Question

A professor would like to test the hypothesis that the average number of minutes that a student needs to complete a statistics exam has a standard deviation that is less than 5.0 minutes. A random sample of 15 students was selected and the sample standard deviation for the time needed to complete the exam was found to be 4.0 minutes. Using α=0.05, determine the critical value for this hypothesis test. Round to three decimal places.

Answer 1

Answer:

The critical value for this hypothesis test is 6.571.

Step-by-step explanation:

In this case the professor wants to determine whether the average number of minutes that a student needs to complete a statistics exam has a standard deviation that is less than 5.0 minutes.
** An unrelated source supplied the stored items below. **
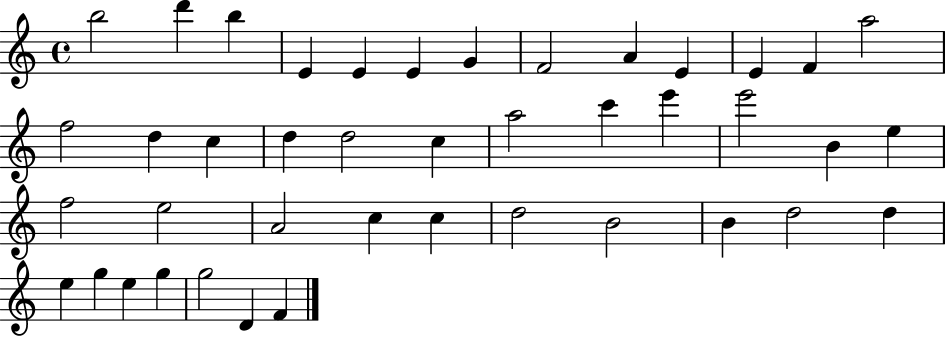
{
  \clef treble
  \time 4/4
  \defaultTimeSignature
  \key c \major
  b''2 d'''4 b''4 | e'4 e'4 e'4 g'4 | f'2 a'4 e'4 | e'4 f'4 a''2 | \break f''2 d''4 c''4 | d''4 d''2 c''4 | a''2 c'''4 e'''4 | e'''2 b'4 e''4 | \break f''2 e''2 | a'2 c''4 c''4 | d''2 b'2 | b'4 d''2 d''4 | \break e''4 g''4 e''4 g''4 | g''2 d'4 f'4 | \bar "|."
}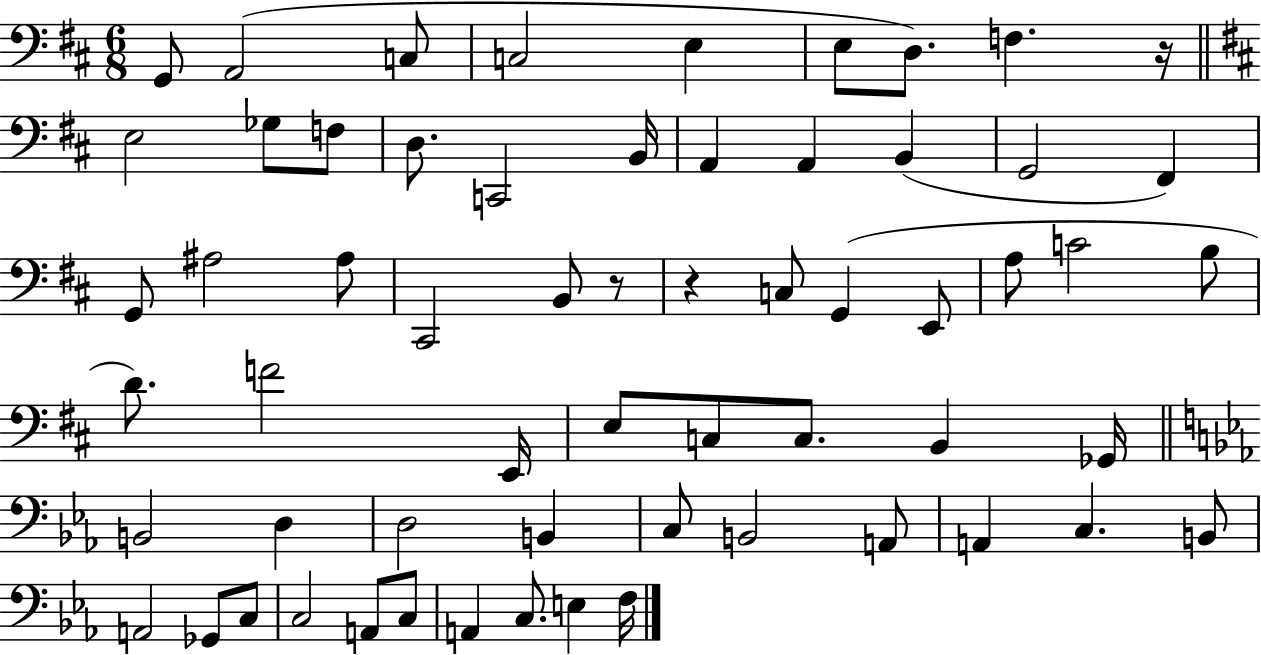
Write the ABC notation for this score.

X:1
T:Untitled
M:6/8
L:1/4
K:D
G,,/2 A,,2 C,/2 C,2 E, E,/2 D,/2 F, z/4 E,2 _G,/2 F,/2 D,/2 C,,2 B,,/4 A,, A,, B,, G,,2 ^F,, G,,/2 ^A,2 ^A,/2 ^C,,2 B,,/2 z/2 z C,/2 G,, E,,/2 A,/2 C2 B,/2 D/2 F2 E,,/4 E,/2 C,/2 C,/2 B,, _G,,/4 B,,2 D, D,2 B,, C,/2 B,,2 A,,/2 A,, C, B,,/2 A,,2 _G,,/2 C,/2 C,2 A,,/2 C,/2 A,, C,/2 E, F,/4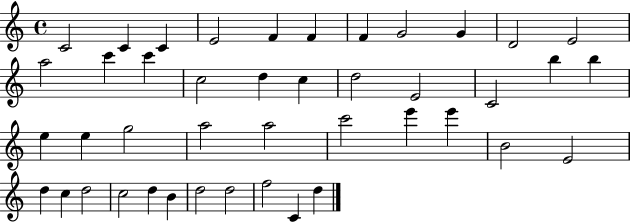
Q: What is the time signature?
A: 4/4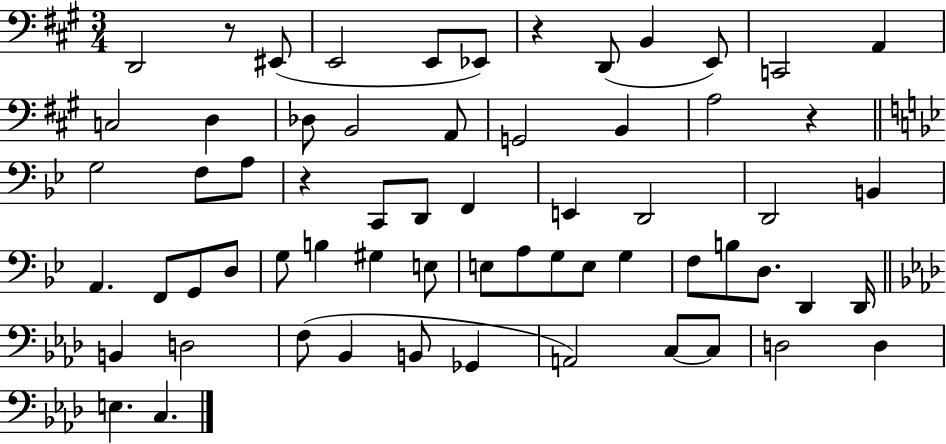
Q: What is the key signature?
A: A major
Then the variance will be, $\sigma^{2}=(5.0)^{2}=25$

The hypothesis to determine whether the population variance is less than 25.0 minutes or not, is:

H₀: The population variance is not less than 25.0 minutes, i.e. σ² = 25.

Hₐ: The population variance is less than 25.0 minutes, i.e. σ² < 25.

The test statistics is:

$\chi ^{2}_{cal.}=\frac{ns^{2}}{\sigma^{2}}$

The decision rule is:

If the calculated value of the test statistic is less than the critical value, $\chi^{2}_{n-1}$ then the null hypothesis will be rejected.

Compute the critical value as follows:

$\chi^{2}_{(1-\alpha), (n-1)}=\chi^{2}_{(1-0.05),(15-1)}=\chi^{2}_{0.95, 14}=6.571$

*Use a chi-square table.

Thus, the critical value for this hypothesis test is 6.571.

Answer 2

Answer:

Critical value for this hypothesis test is 6.571

Step-by-step explanation:

We are given that a random sample of 15 students was selected and the sample standard deviation for the time needed to complete the exam was found to be 4.0 minutes.

A professor would like to test the hypothesis that the average number of minutes that a student needs to complete a statistics exam has a standard deviation that is less than 5.0 minutes.

So, Null Hypothesis, $H_0$ : $\sigma$ = 5.0 minutes

Alternate Hypothesis, $H_1$ : $\sigma$ < 5.0 minutes

Now, the test statistics used here for testing population standard deviation is;

           T.S. = $\frac{(n-1) s^{2} }{\sigma^{2} }$ ~ $\chi^{2} __n_-_1$

where, s = sample standard deviation = 4.0 minutes

            n = sample size = 15

So, test statistics = $\frac{(15-1) 4^{2} }{5^{2} }$ = 8.96

At, 5% level of significance the chi-square table gives critical value of 6.571 at 14 degree of freedom. Since our test statistics is more than the critical value as 8.96 > 6.571 so we have insufficient evidence to reject null hypothesis.